───── Records provided

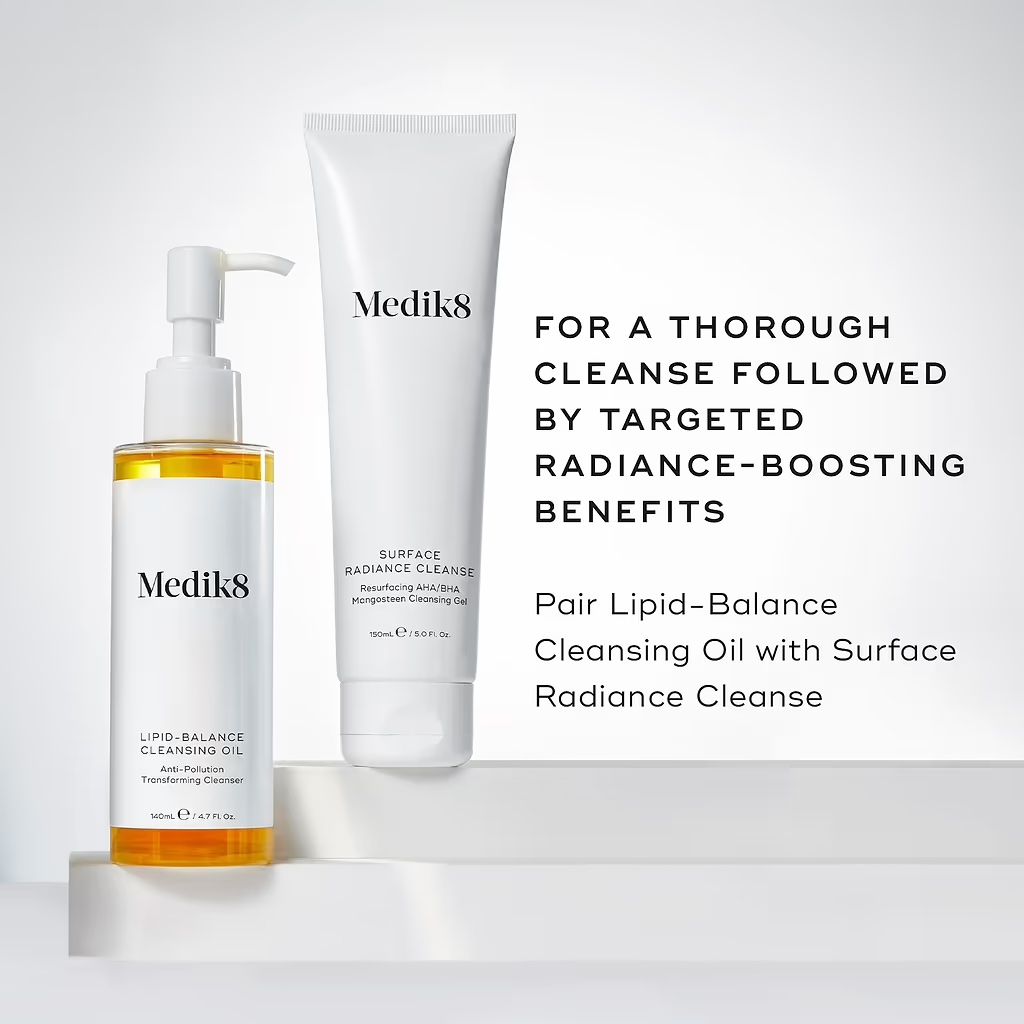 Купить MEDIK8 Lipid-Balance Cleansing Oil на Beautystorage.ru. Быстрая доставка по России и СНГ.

──────────
───── Records provided

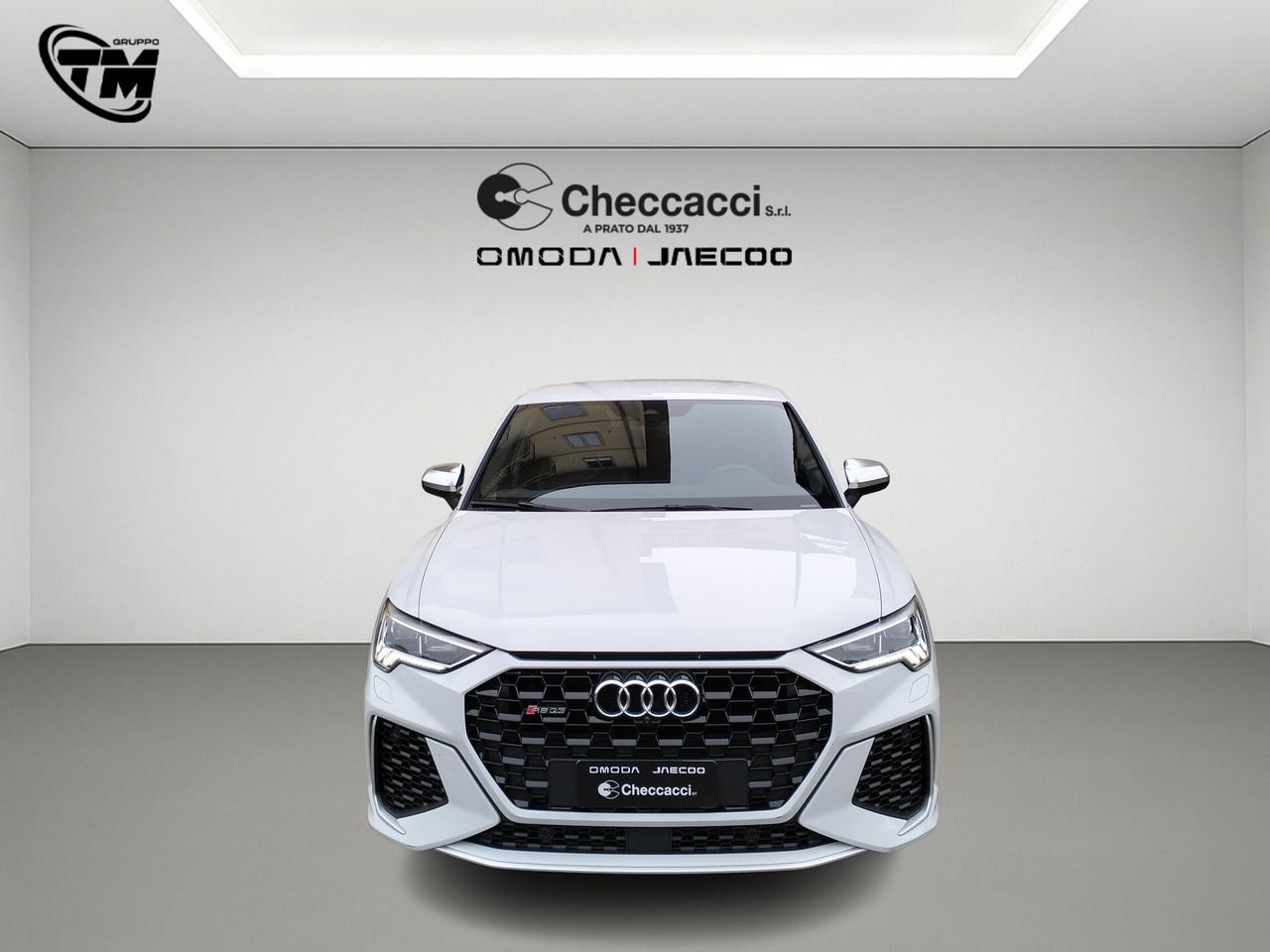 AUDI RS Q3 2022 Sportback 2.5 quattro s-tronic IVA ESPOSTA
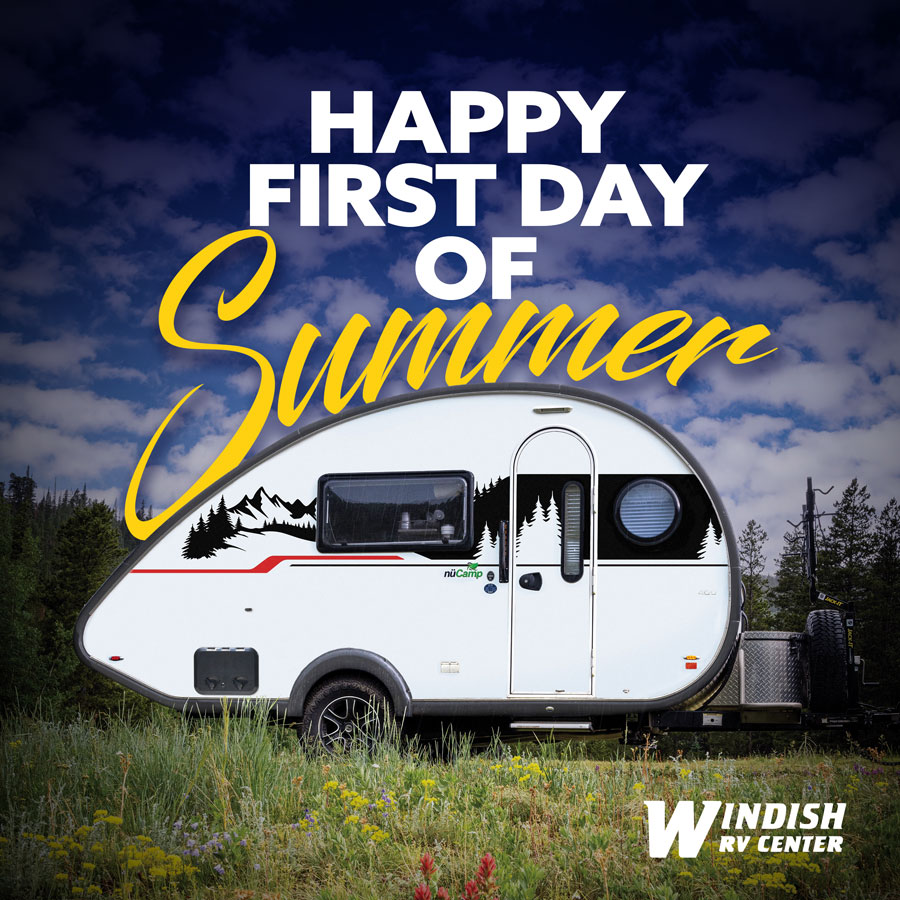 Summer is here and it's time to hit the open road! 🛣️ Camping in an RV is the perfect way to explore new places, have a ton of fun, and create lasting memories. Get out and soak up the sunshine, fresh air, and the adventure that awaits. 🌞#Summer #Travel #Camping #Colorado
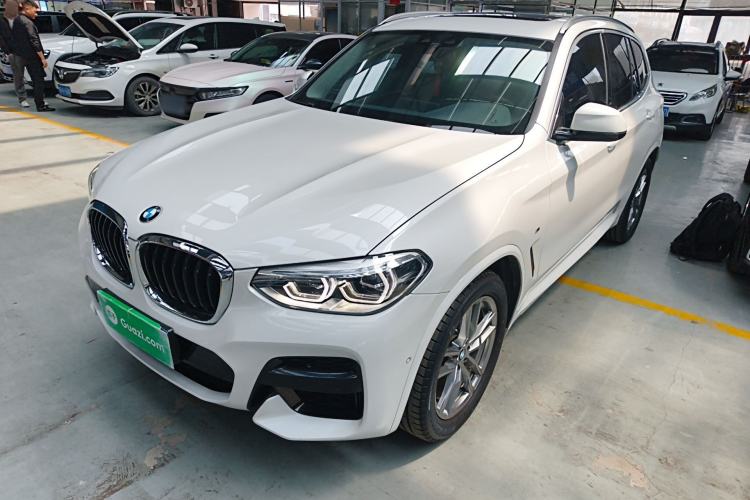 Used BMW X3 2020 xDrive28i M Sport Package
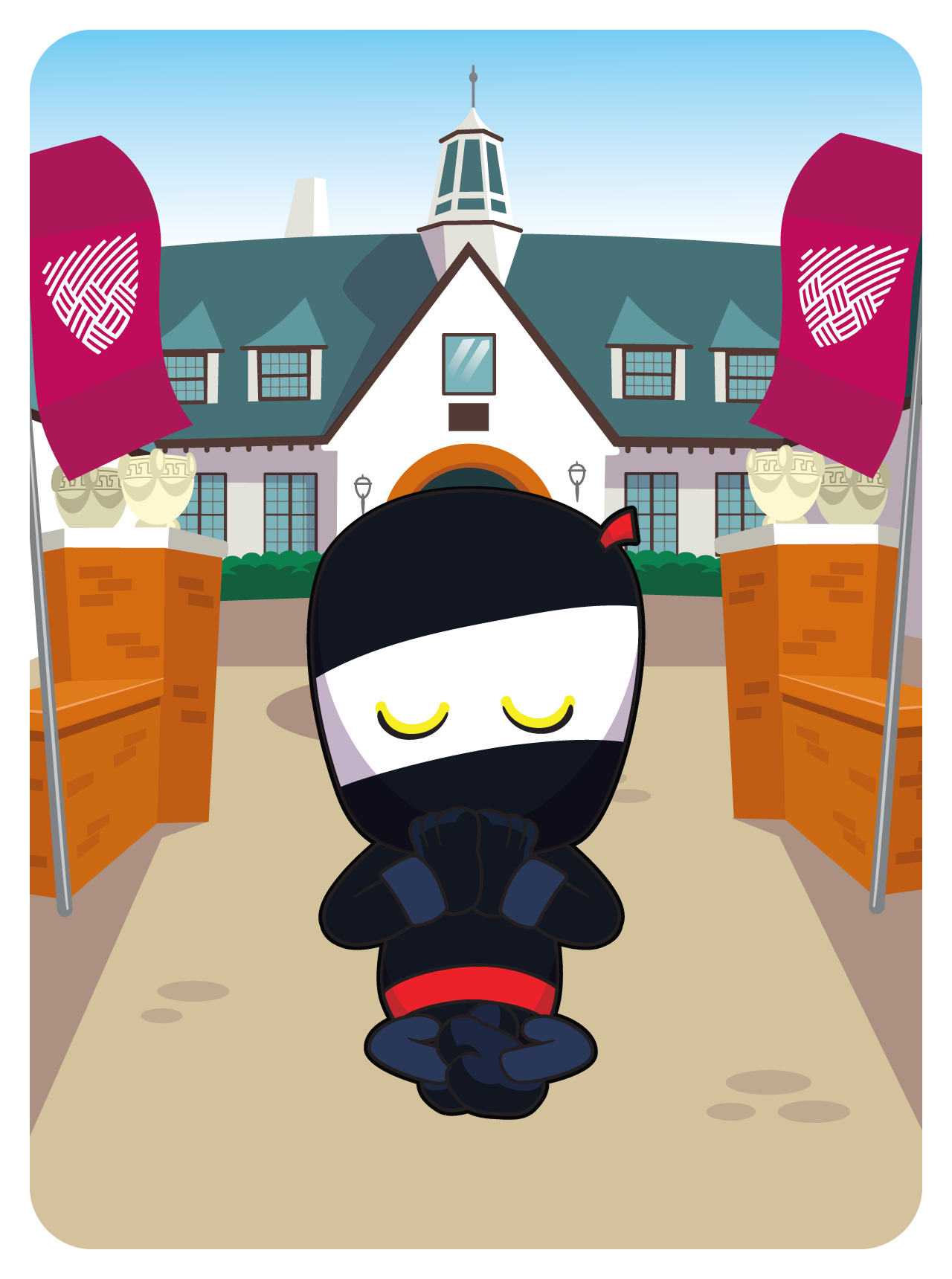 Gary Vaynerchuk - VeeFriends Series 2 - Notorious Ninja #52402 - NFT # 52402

──────────
───── Records provided

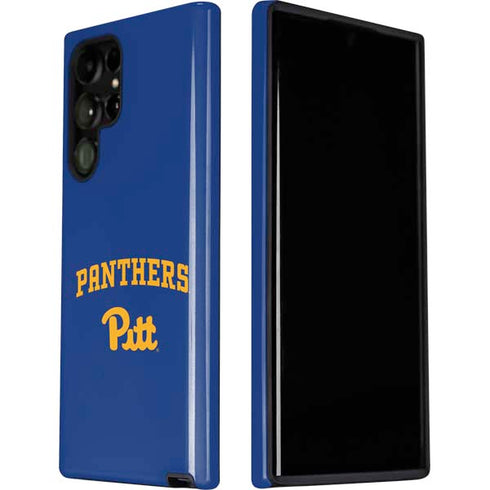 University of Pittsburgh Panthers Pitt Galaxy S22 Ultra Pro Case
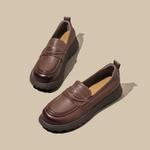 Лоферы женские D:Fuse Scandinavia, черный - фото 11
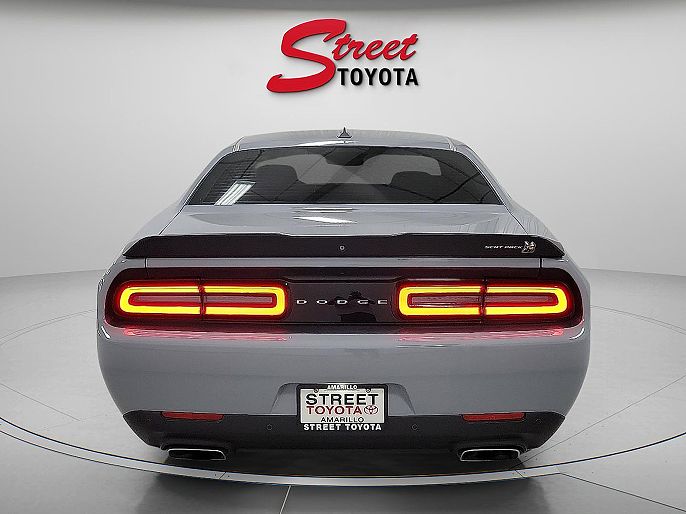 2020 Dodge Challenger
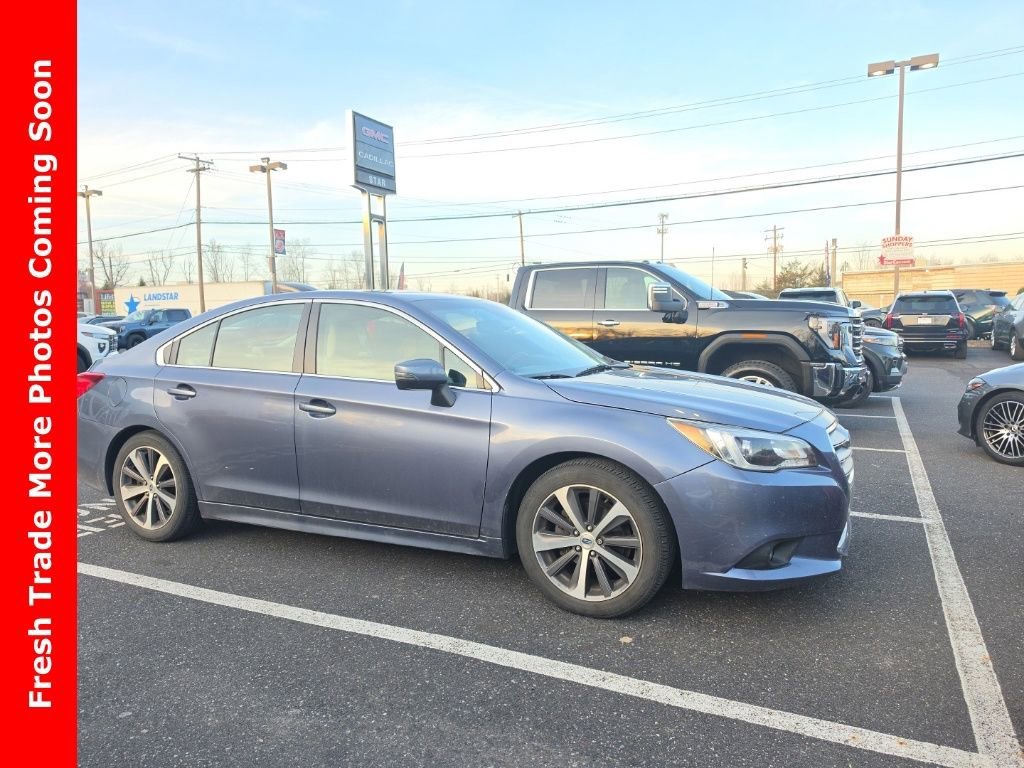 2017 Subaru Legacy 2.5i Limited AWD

──────────

# What this task involves
Pictures excluded, reproduce only the part above that opens with the line holding "University of Pittsburgh" and closes with the line holding "2017 Subaru Legacy 2.5i Limited AWD", exactly as written.

# Completed task
 University of Pittsburgh Panthers Pitt Galaxy S22 Ultra Pro Case
 Лоферы женские D:Fuse Scandinavia, черный - фото 11
 2020 Dodge Challenger
 2017 Subaru Legacy 2.5i Limited AWD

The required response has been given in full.